* **LISTED ENTRIES**:
***

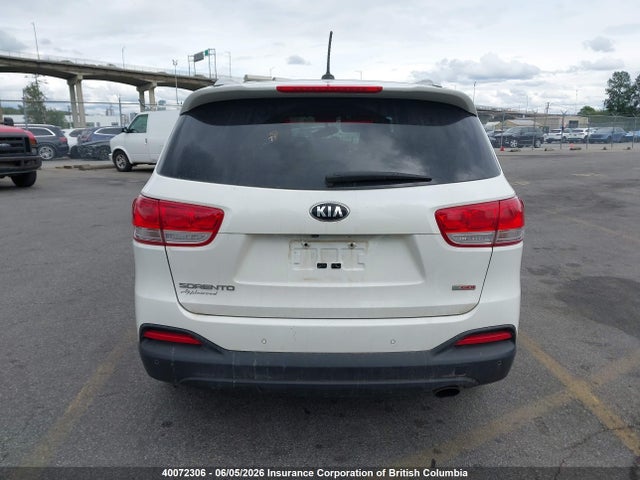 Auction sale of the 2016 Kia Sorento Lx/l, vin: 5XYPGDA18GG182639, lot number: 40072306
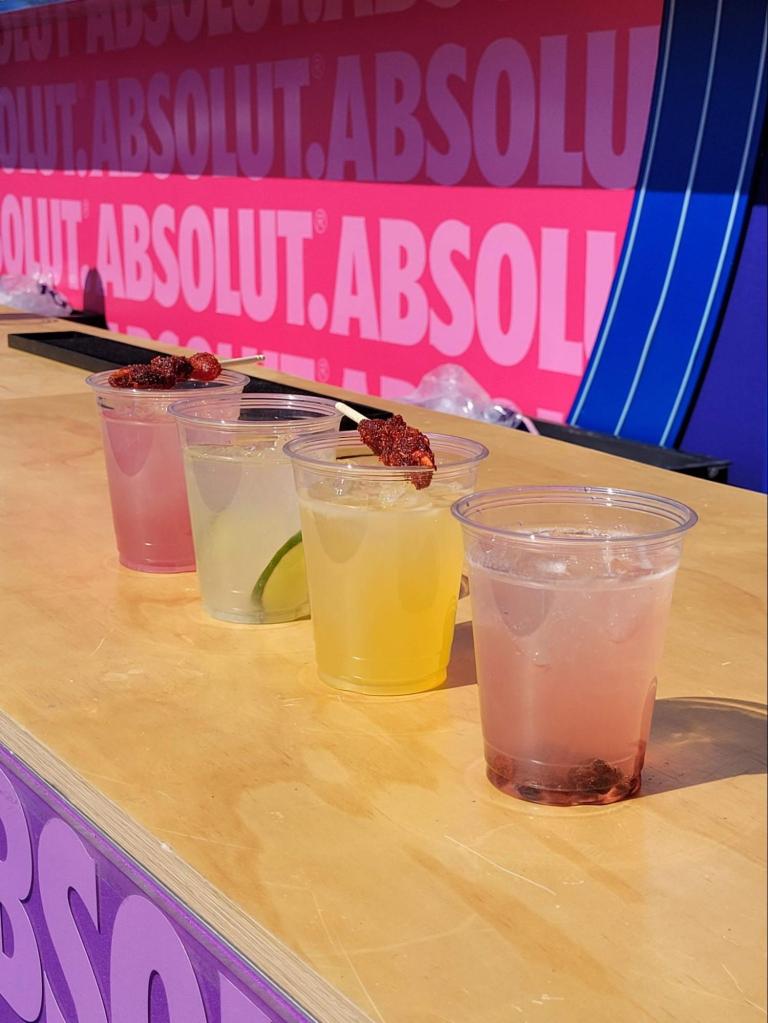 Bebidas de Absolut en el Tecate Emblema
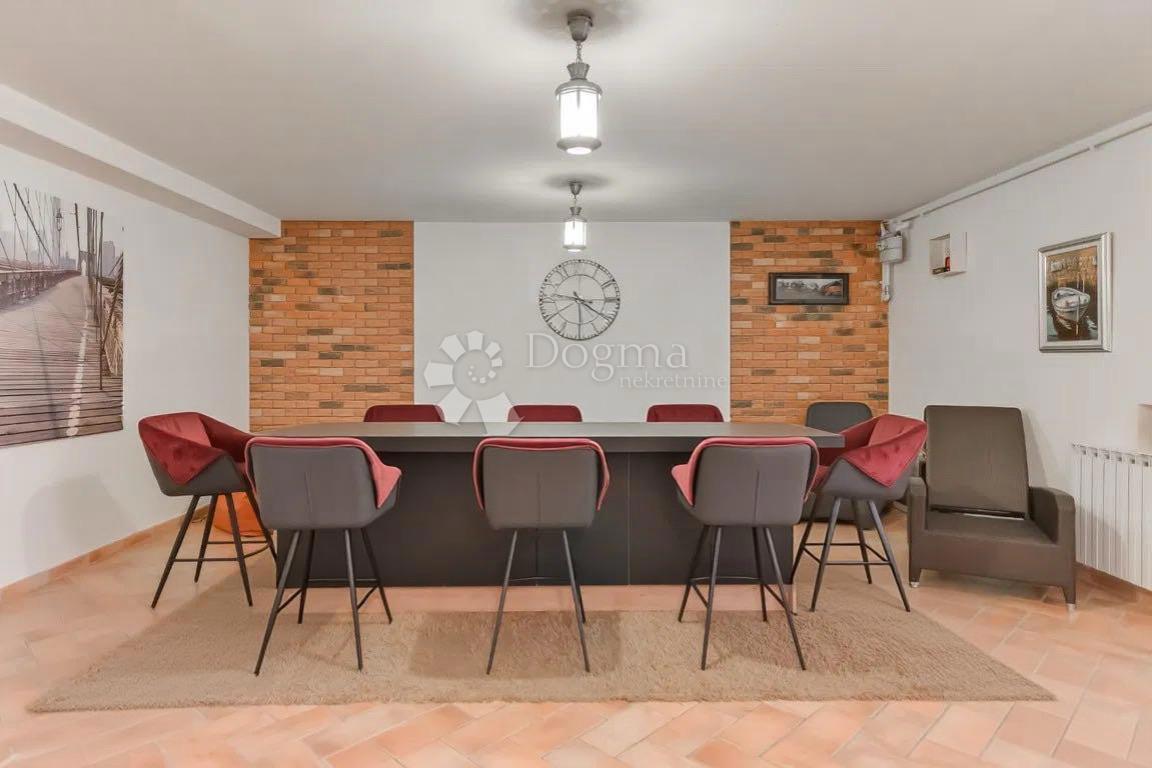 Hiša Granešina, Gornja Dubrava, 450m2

***

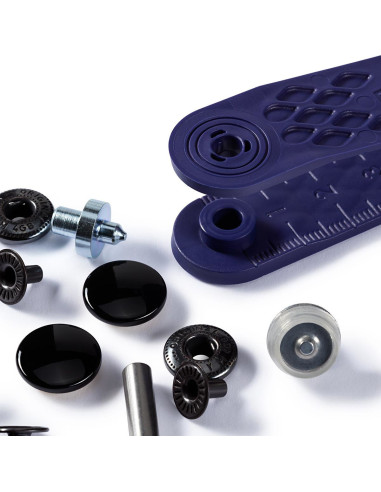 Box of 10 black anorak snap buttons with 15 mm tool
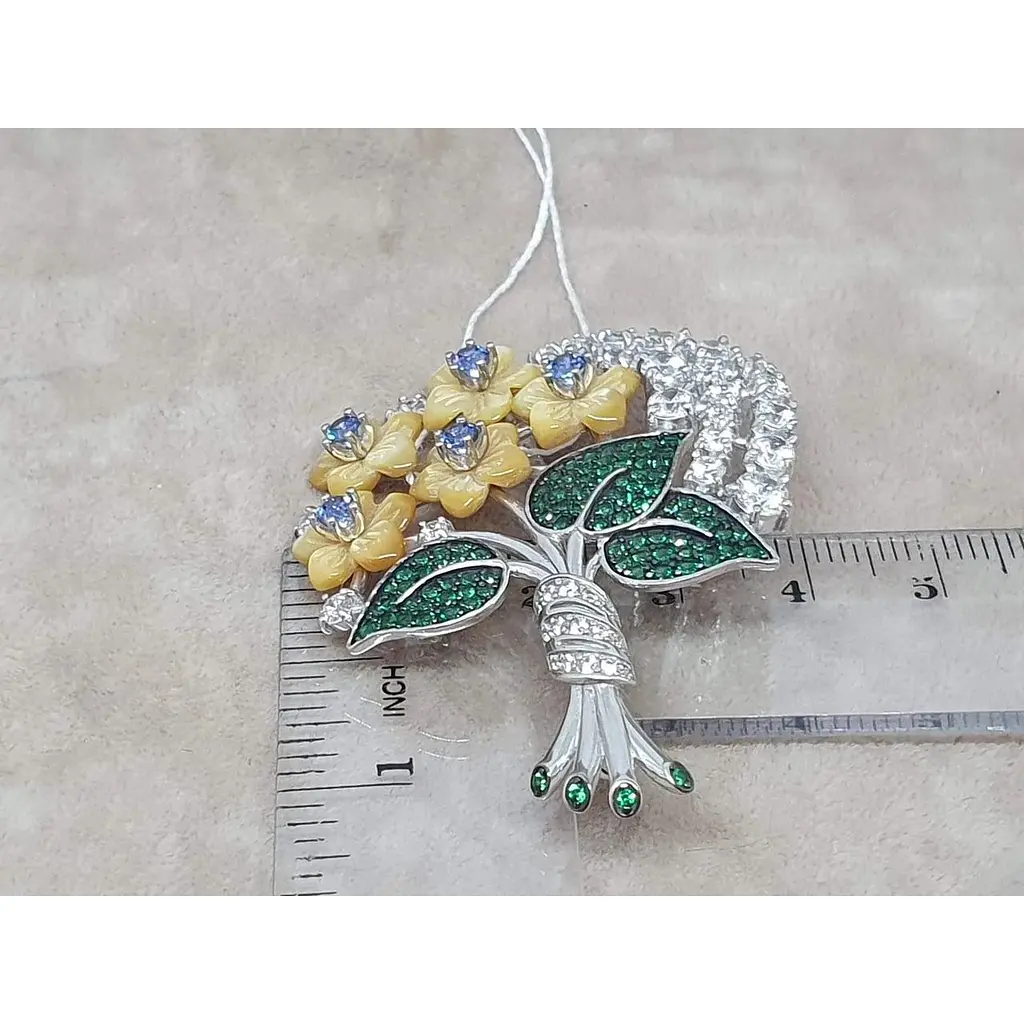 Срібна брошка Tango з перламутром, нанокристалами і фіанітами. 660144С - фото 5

***

Word for word, write out the lines above running from the one with "Auction sale of" up to and including the one with "Hiša Granešina, Gornja Dubrava, 450m2". Drop any picture.

* **SOLUTION FOR THIS PROBLEM**:
 Auction sale of the 2016 Kia Sorento Lx/l, vin: 5XYPGDA18GG182639, lot number: 40072306
 Bebidas de Absolut en el Tecate Emblema
 Hiša Granešina, Gornja Dubrava, 450m2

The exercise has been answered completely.